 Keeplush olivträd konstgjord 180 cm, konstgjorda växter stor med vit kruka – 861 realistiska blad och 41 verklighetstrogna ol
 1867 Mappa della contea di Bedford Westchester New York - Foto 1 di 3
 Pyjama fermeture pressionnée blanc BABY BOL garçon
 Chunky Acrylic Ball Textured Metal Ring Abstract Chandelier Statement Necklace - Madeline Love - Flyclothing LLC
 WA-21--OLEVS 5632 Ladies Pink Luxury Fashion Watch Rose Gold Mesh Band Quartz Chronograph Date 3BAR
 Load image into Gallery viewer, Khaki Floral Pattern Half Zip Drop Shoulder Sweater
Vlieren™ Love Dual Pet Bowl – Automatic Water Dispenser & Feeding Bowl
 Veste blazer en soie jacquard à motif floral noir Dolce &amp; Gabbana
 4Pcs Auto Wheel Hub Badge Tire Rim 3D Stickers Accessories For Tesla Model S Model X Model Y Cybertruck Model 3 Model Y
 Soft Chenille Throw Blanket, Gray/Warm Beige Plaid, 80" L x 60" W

▶ _Task instructions_
Return, word for word, the lines from the one containing "Vlieren™ Love Dual" through the end of the data above, both ends included, and nothing else.

▶ _Written solution_
Vlieren™ Love Dual Pet Bowl – Automatic Water Dispenser & Feeding Bowl
 Veste blazer en soie jacquard à motif floral noir Dolce &amp; Gabbana
 4Pcs Auto Wheel Hub Badge Tire Rim 3D Stickers Accessories For Tesla Model S Model X Model Y Cybertruck Model 3 Model Y
 Soft Chenille Throw Blanket, Gray/Warm Beige Plaid, 80" L x 60" W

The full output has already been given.